- ABC News reported that "Morgan's father has schizophrenia" and was "hospitalized at least four times as a teenager to treat his own schizophrenia. "When they told us what had happened and that she had done it because she believes Slender Man is real ... that's where my mind went, is that she must be sick," Angie Geyser, Morgan's mother, said, according to ABC.
- There is a Facebook page called Support Morgan Geyser. The page reads, "Despite popular belief, we don't support the fact that she tried to murder someone. In fact we think thats the most heinous thing, however, we support the fact that she must not have been well mentally so she needs help. We don't support Morgan's alleged crime. We support her getting well and being given a second chance.".
- It was revealed in court that Geyser has schizophrenia. According to USA Today, an expert told the court during her 2018 sentencing that "after her psychotropic medications were adjusted... Geyser has not shown any symptoms of psychosis and is open about treatment, never resists taking her medication and has never been violent or aggressive.".
- Morgan was "suffering from an undiagnosed and untreated mental illness.

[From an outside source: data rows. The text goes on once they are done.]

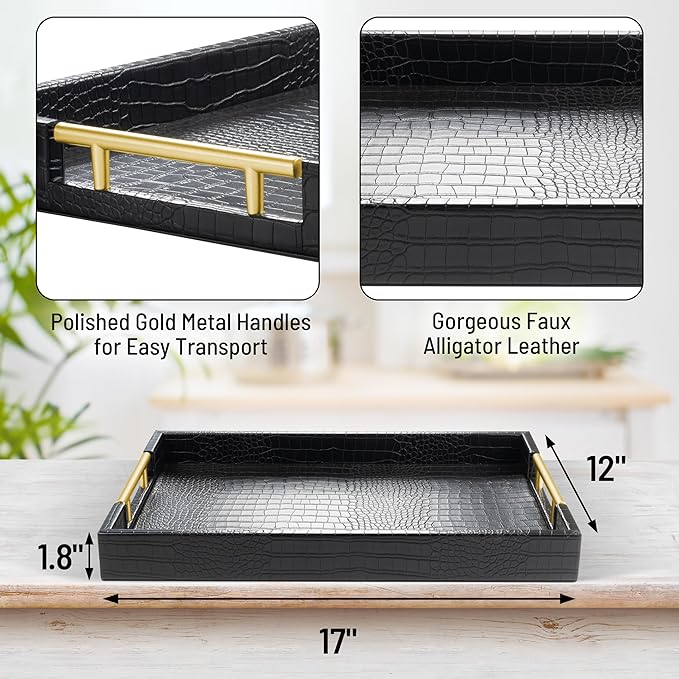 17" x 12" Wood Serving Tray with Gold Polished Metal Handles, Home Decorative Wooden Rectangle Ottoman Leather Decor Platter Bathroom Vanity Tray for All Occasions Alligator Black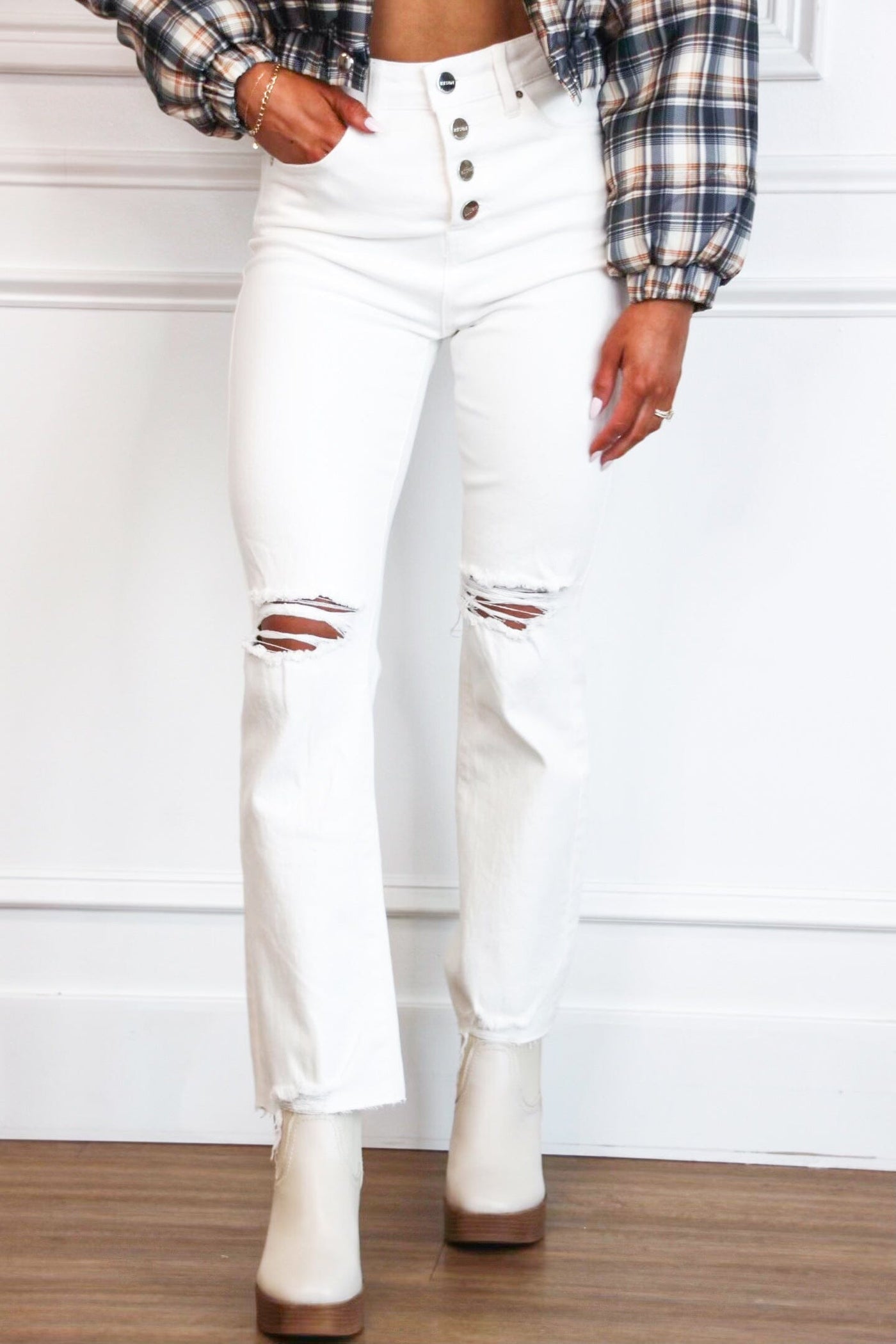 Benny High Rise Distressed Straight Denim: White - Bella and Bloom Boutique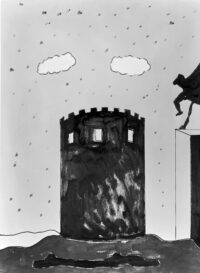 1976<br>Elsinore<br>pittura industriale, tempera, pennarello su tela<br>cm 80x60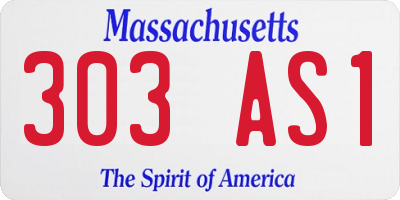 MA license plate 303AS1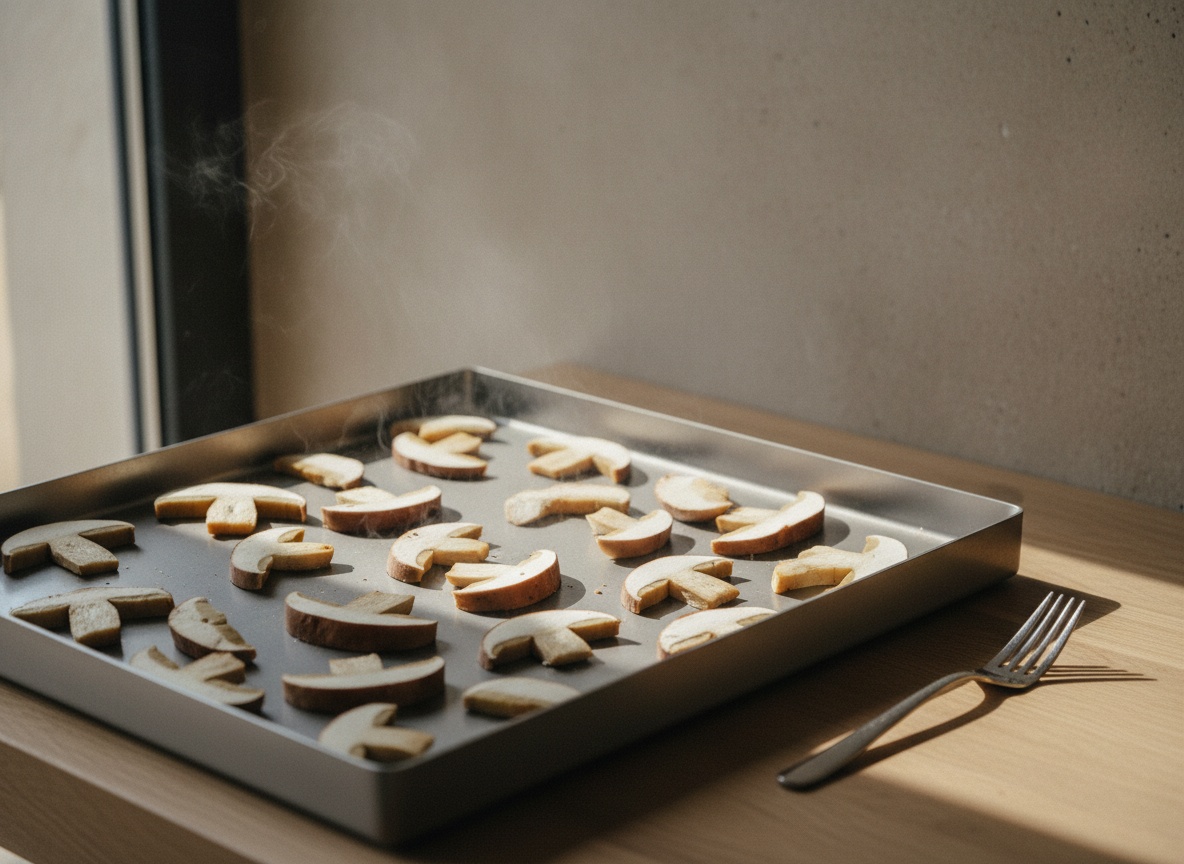 Láminas gruesas de boletus colocadas en la plancha humeante sin amontonar, con luz por la izquierda.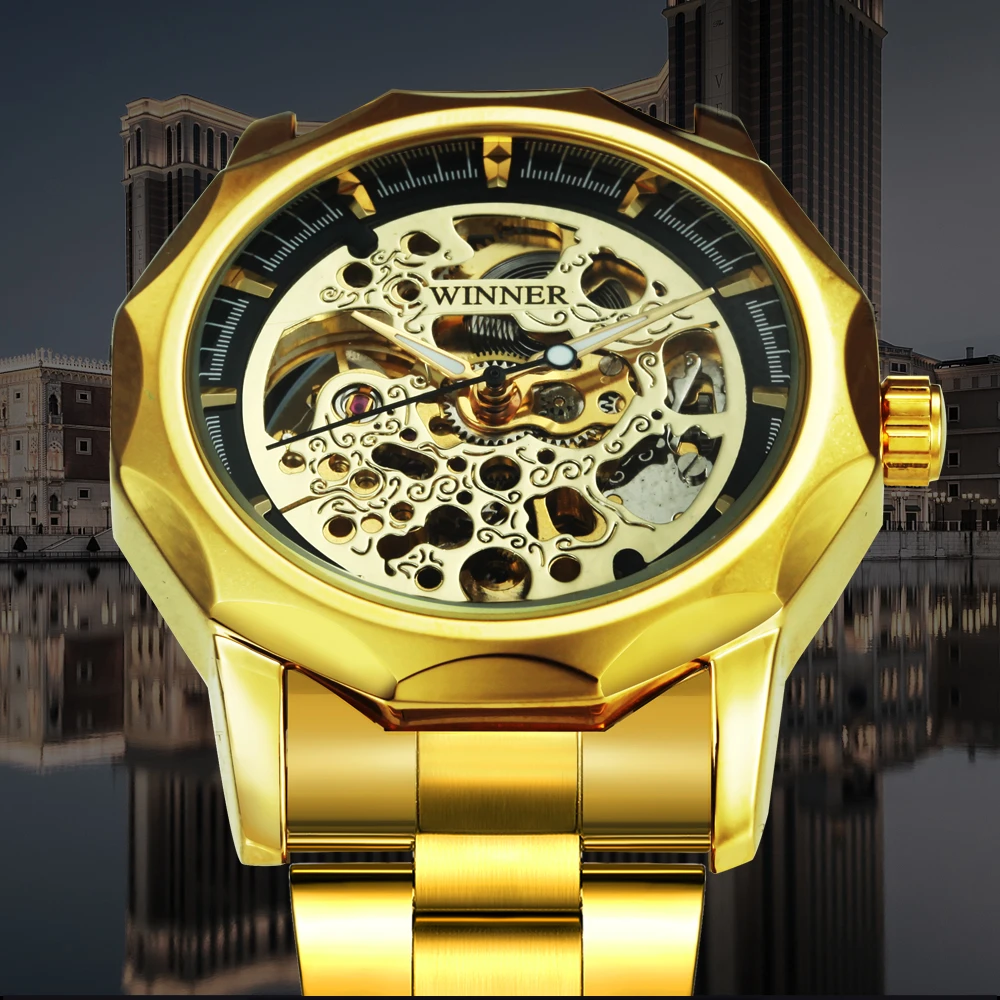 Luxury Gold Skeleton Automatic Men's Watch with Stainless Steel Strap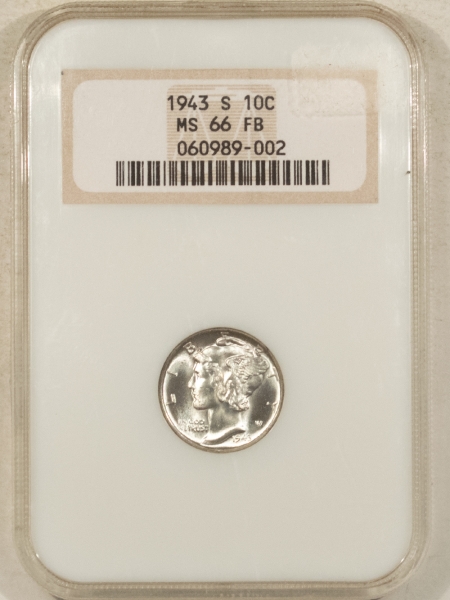 Mercury Dimes 1943-S MERCURY DIME – NGC MS-66 FB, OLD FATTY & PREMIUM QUALITY!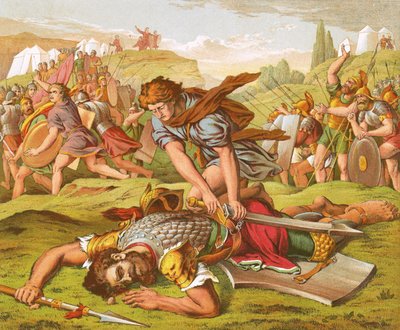 Davide che uccide il gigante Golia da English School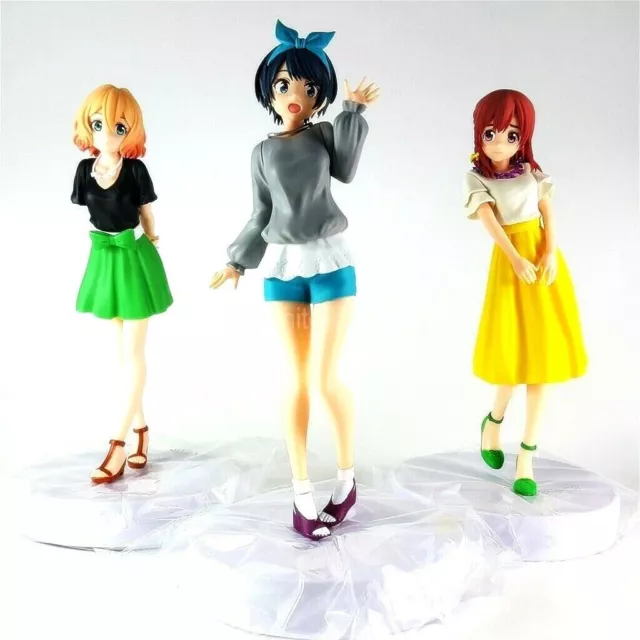 Banpresto Rent a Girlfriend Figura Juego de 3 Mami Ruka Sumi Kawaii Juguete...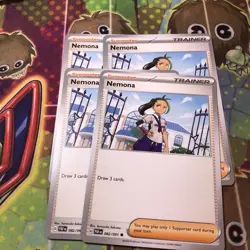 Pokemon Card Paldean Fates 4x Playset Nemona 082/091 NM - Image 1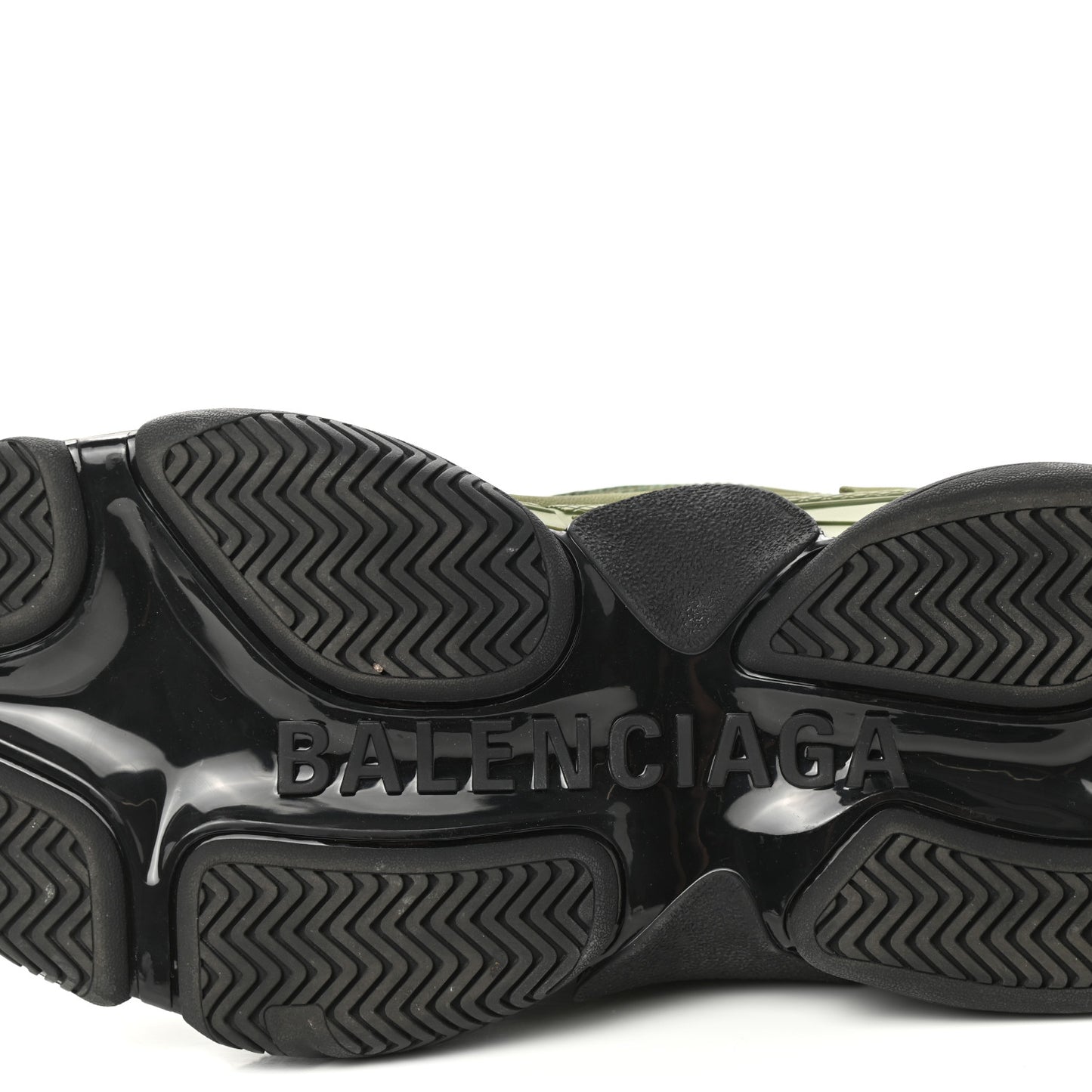 Fabric Mesh Mens Triple S Sneakers 42 Black Kaki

She had no prior experience with the criminal justice system and seven needed tutoring three weeks after the interrogation to understand how various legal concepts applied to her situation.".
- Daughter of Angie Geyser.
- Morgan is serving a term of 40 years.
- Morgan Geyser was born on May 16, 2002. That means the Slender Man suspect from Waukesha, Wisconsin, was only 12 years old when she was accused in the stabbing of a middle school classmate in the woods. Today, in October 2019, that makes Geyser 17 years old.
- According to Courthouse News and Wisconsin appellate court records, Geyser's attorneys filed a 46-page brief on her behalf with Wisconsin state appellate courts in 2019. "The juvenile court, not the adult court, had exclusive jurisdiction over her crime, and the circuit court should have discharged her adult-court case following her preliminary hearing.,".
- In 2009, the Juvenile Law Center, Center for Juvenile Law & Policy and Center on Wrongful Convictions of Youth filed a brief with Wisconsin appellate courts arguing on Geyser's behalf.
- However, a psychologist for the state told the judge she wouldn't support conditional release for Geyser because she had recently heard "the voice of Maggie, a hallucinatory voice she had been hearing for years.".